● Required work
The full listing, returned exactly and free of pictures, is the expected answer.

● Given material
-------

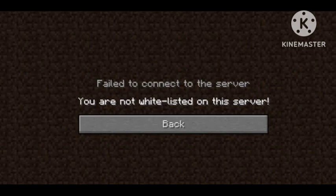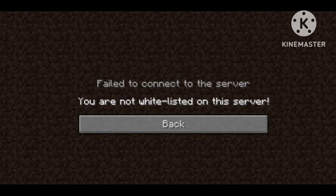If this method does not work, then you need to turn off the whitelist for a moment, add the Bedrock account to the whitelist, and then turn it back on. After you turn it back on, your problem will be solved. Hope you like this video and subscribe to our channel Zero to Infinity.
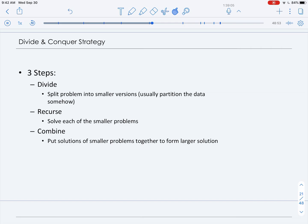We keep on looking at the midpoint of each of the sub-lists. The recursing is on the sub-list that we have to search — either the smaller or greater portion of the list if we haven't found it. Combining the solutions for binary search is often just returning the location at which the target value is found in the array. So now we're going to look at sorting strategies that apply divide and conquer, and we will start with merge sort.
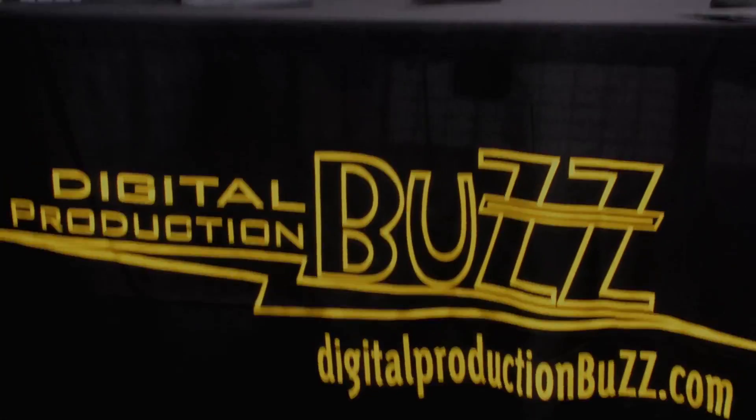Hi, my name is Larry Jordan, and I'm standing outside the control room of the Digital Production Buzz Studios.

-------

● Exercise solution
If this method does not work, then you need to turn off the whitelist for a moment, add the Bedrock account to the whitelist, and then turn it back on. After you turn it back on, your problem will be solved. Hope you like this video and subscribe to our channel Zero to Infinity.
We keep on looking at the midpoint of each of the sub-lists. The recursing is on the sub-list that we have to search — either the smaller or greater portion of the list if we haven't found it. Combining the solutions for binary search is often just returning the location at which the target value is found in the array. So now we're going to look at sorting strategies that apply divide and conquer, and we will start with merge sort.
Hi, my name is Larry Jordan, and I'm standing outside the control room of the Digital Production Buzz Studios.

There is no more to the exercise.